Fuld è il caso più emblematico. Nega perfino l’evidenza che la sua banca fosse in stato fallimentare. L’ha detto l’altra settimana parlando a una conferenza a New York: Lehman «non era in bancarotta» e non è vero che avesse una cattiva gestione dei rischi. «Avevo 27mila gestori dei rischi, perché tutti i miei dipendenti possedevano un pezzo della società, in tutto controllavano oltre il 30% delle azioni», ha detto Fuld, chiamato il «gorilla» per il suo stile aggressivo. Poco importa, a lui, se il perito del tribunale che ha analizzato i conti di Lehman ha scritto nel suo rapporto del 2010 che la banca era già insolvente l’8 settembre 2008 – una settimana prima del crac ufficiale —, perché i suoi manager scelsero «regolarmente di ignorare o respingere i controlli dei rischi societari».

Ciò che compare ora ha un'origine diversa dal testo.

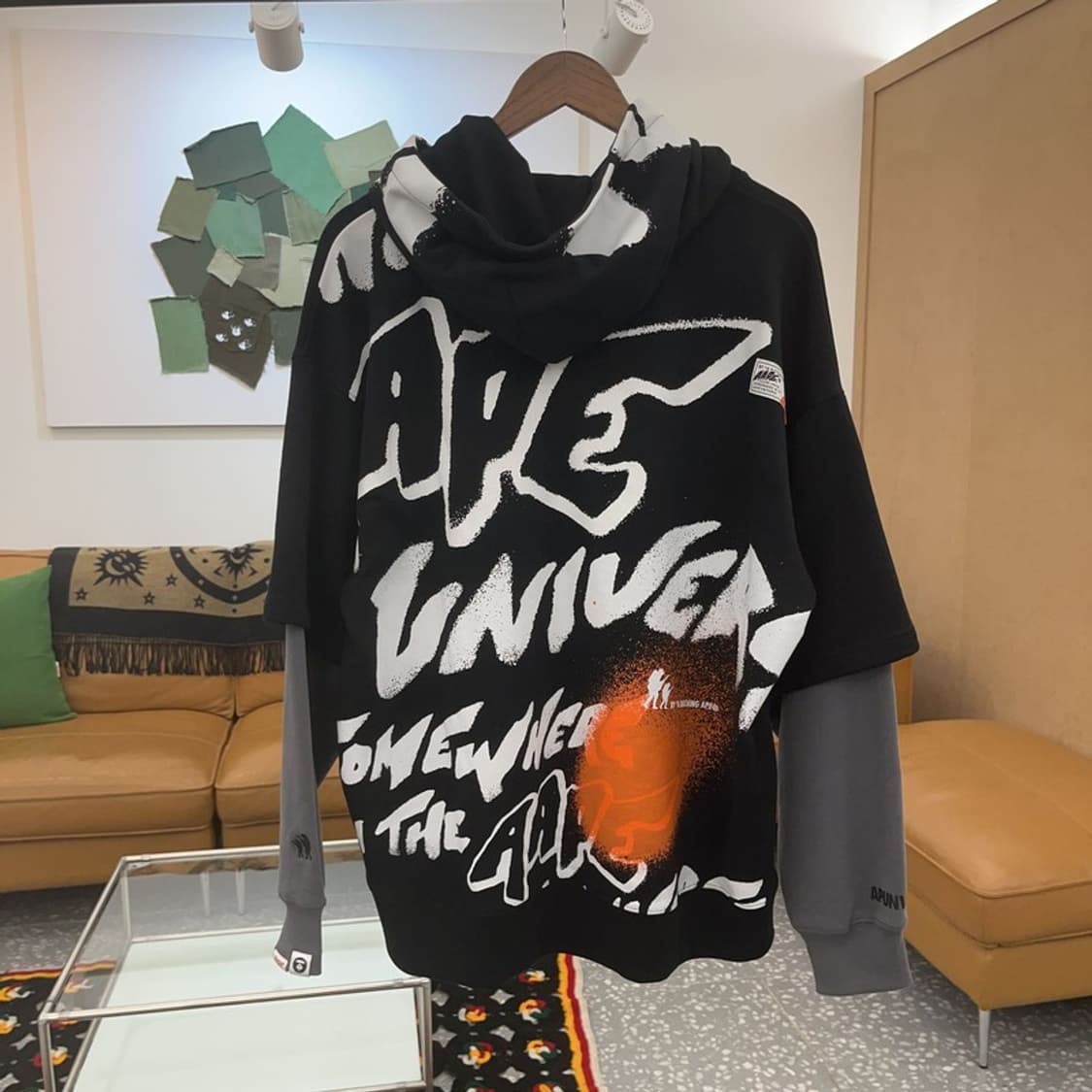 베이프 에이프 심볼리즘 스트릿 힙합 레이어드 후드티 M C06703 상품이미지4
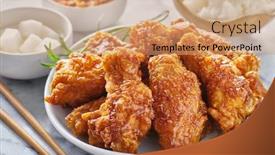  Presentation with kimchi - Beautiful slides featuring crispy-fried-korean-chicken-wings backdrop and a coral colored foreground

Lehman era stata una delle banche d’affari più impegnate nel creare e vendere titoli sulla base dei mutui subprime (quelli concessi ai clienti meno affidabili): obbligazioni le cui cedole e rimborso del capitale dipendevano dal pagamento delle rate. Con i prezzi del mattone in calo e una marea di debiti diventati «cattivi», il valore di quei titoli aveva cominciato a crollare nel 2007 e altre banche attive in quel business si erano affrettate a cercare di liquidare i titoli «spazzatura» e a ripulire i propri bilanci, o addirittura avevano fatto soldi – come Goldman Sachs – scommettendo sul loro crollo. Invece Fuld aveva insistito nel puntare su quegli investimenti fino a far fallire la storica banca, fondata in Alabama nel 1850 dai tre fratelli Lehman.
«Credo di non aver capito la violenza del mercato e come il contagio della crisi travolgeva settore dopo settore», è l’unica ammissione di Fuld, che per il resto getta tutta la colpa del crac sul governo americano – promotore delle «case per tutti», anche per chi non poteva permettersele —, sulle autorità incapaci di regolare il mercato e sui consumatori irresponsabili nell’indebitarsi. Lui dalla crisi è uscito non male. Secondo stime accreditate, fra il 2000 e il 2007 aveva guadagnato oltre 500 milioni di dollari; nel 2009 ha venduto il suo appartamento su Park Avenue a Manhattan per 25,9 milioni di dollari, ma possiede ancora una mega-villa a Greenwich, Connecticut e due case a Sun Valley, Idaho e a Jupiter Island, Florida. Inoltre ha una sua società di consulenza, Matrix advisors, creata nel marzo 2009, con 11 dipendenti a tempo pieno e aziende medio-piccole come clienti.
E gli altri? Il novantenne Greenberg sta ricreando un suo gruppo assicurativo e lottando nei tribunali contro l’ex procuratore generale Eliot Spitzer che l’aveva incriminato – con un’inchiesta penale finita nel nulla – e contro il governo Usa che, dice, l’hanno derubato della sua creatura Aig. Solo John Thain, ceo di Merrill Lynch nel 2008, è ancora al top di una banca, il Cit group. Il resto dei finanzieri caduti nel 2008 sta alla larga da Wall Street e dai riflettori dei media (vedi il grafico), godendosi pensioni d’oro.